--- What the exercise asks ---
Nothing after the line with "Southern Style Green" belongs in the copy; extract the lines below from the top through that line, pictures left out.

Crawled caption data:
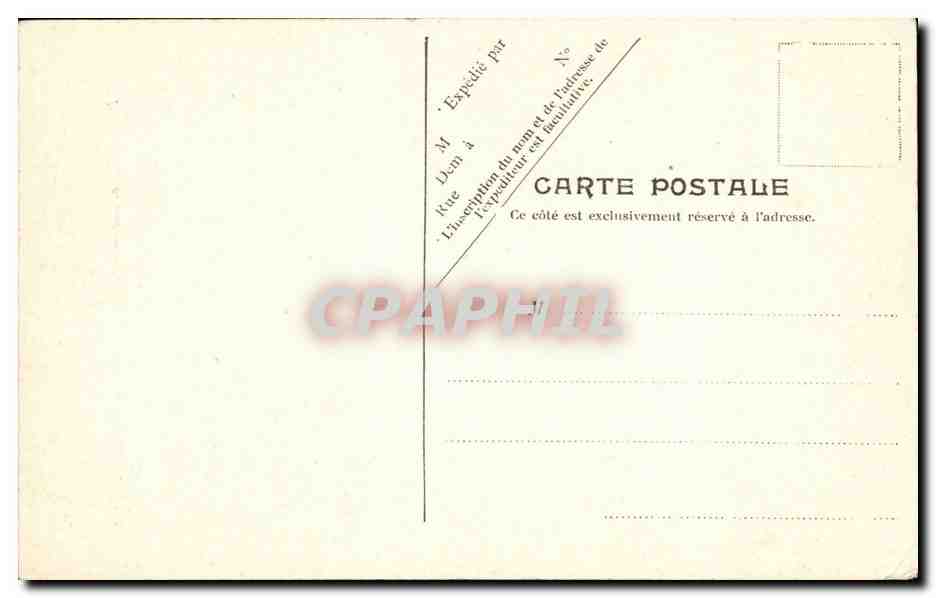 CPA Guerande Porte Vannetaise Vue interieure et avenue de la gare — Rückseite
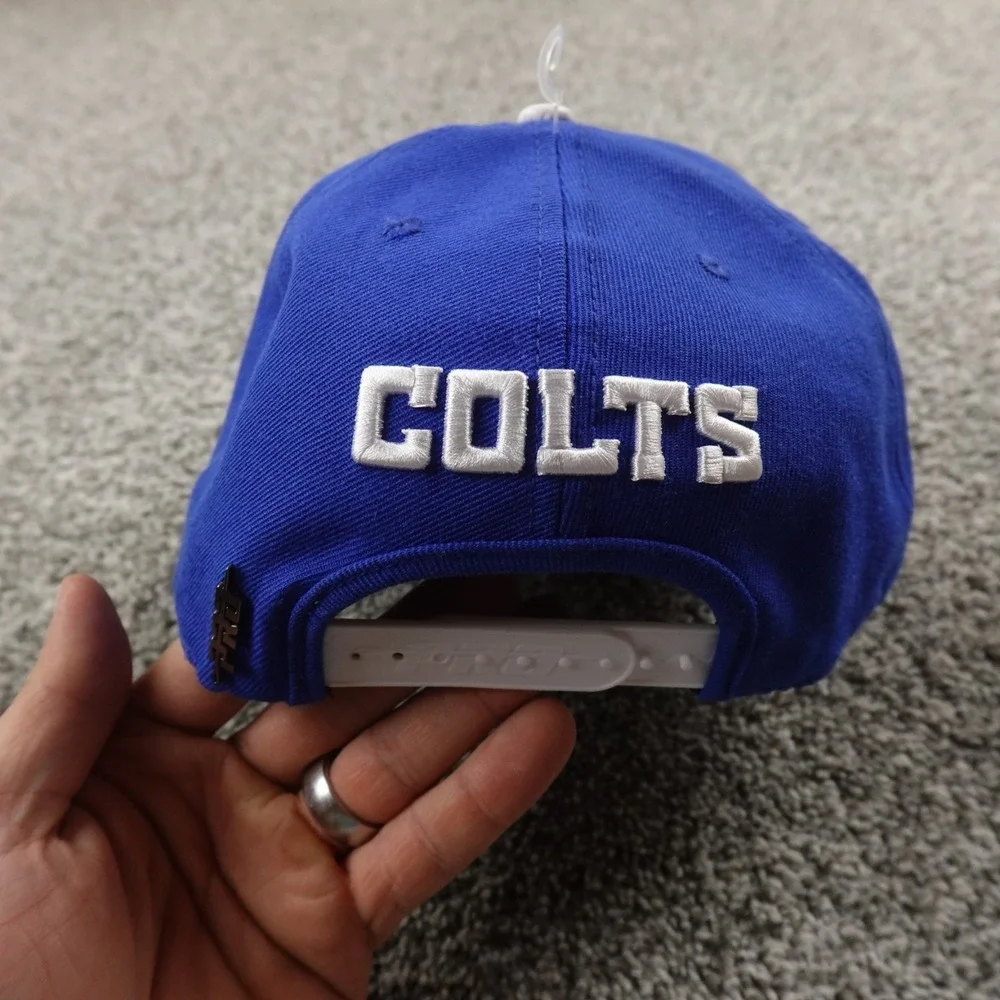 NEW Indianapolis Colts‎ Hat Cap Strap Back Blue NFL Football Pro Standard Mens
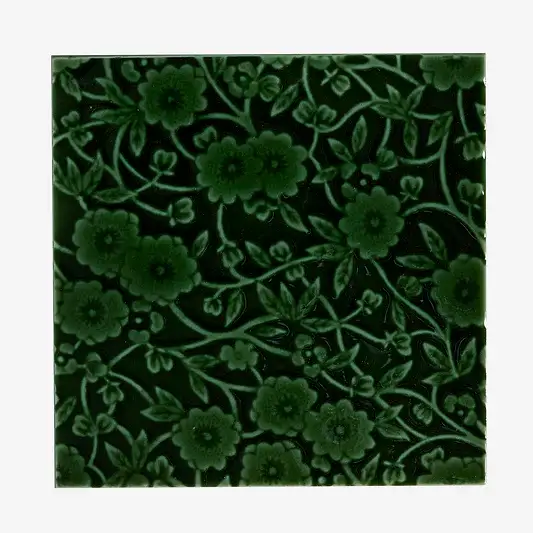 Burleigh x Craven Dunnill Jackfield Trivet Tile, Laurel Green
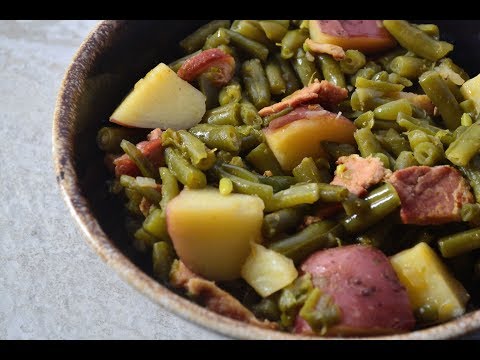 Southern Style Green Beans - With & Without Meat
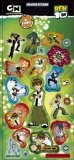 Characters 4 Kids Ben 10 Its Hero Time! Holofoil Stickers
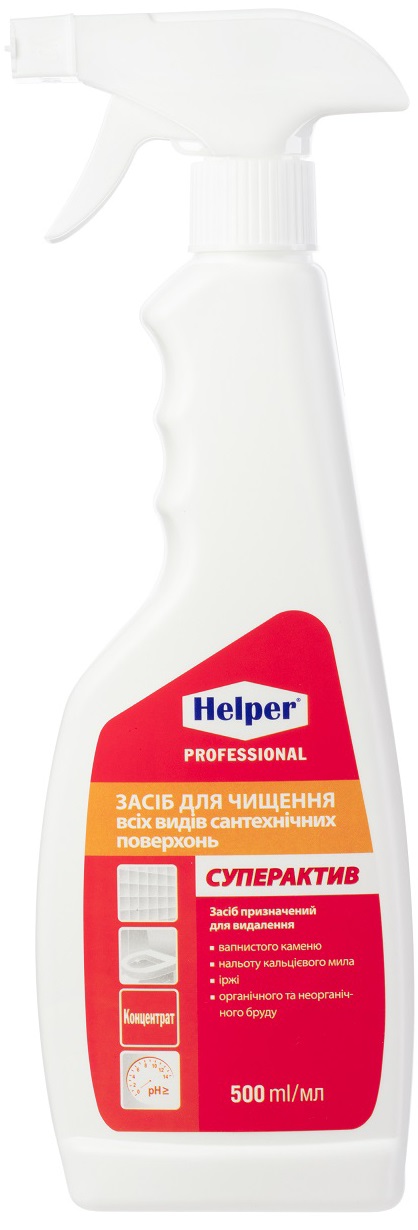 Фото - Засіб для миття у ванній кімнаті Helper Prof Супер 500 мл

--- Exercise solution ---
 CPA Guerande Porte Vannetaise Vue interieure et avenue de la gare — Rückseite
 NEW Indianapolis Colts‎ Hat Cap Strap Back Blue NFL Football Pro Standard Mens
 Burleigh x Craven Dunnill Jackfield Trivet Tile, Laurel Green
 Southern Style Green Beans - With & Without Meat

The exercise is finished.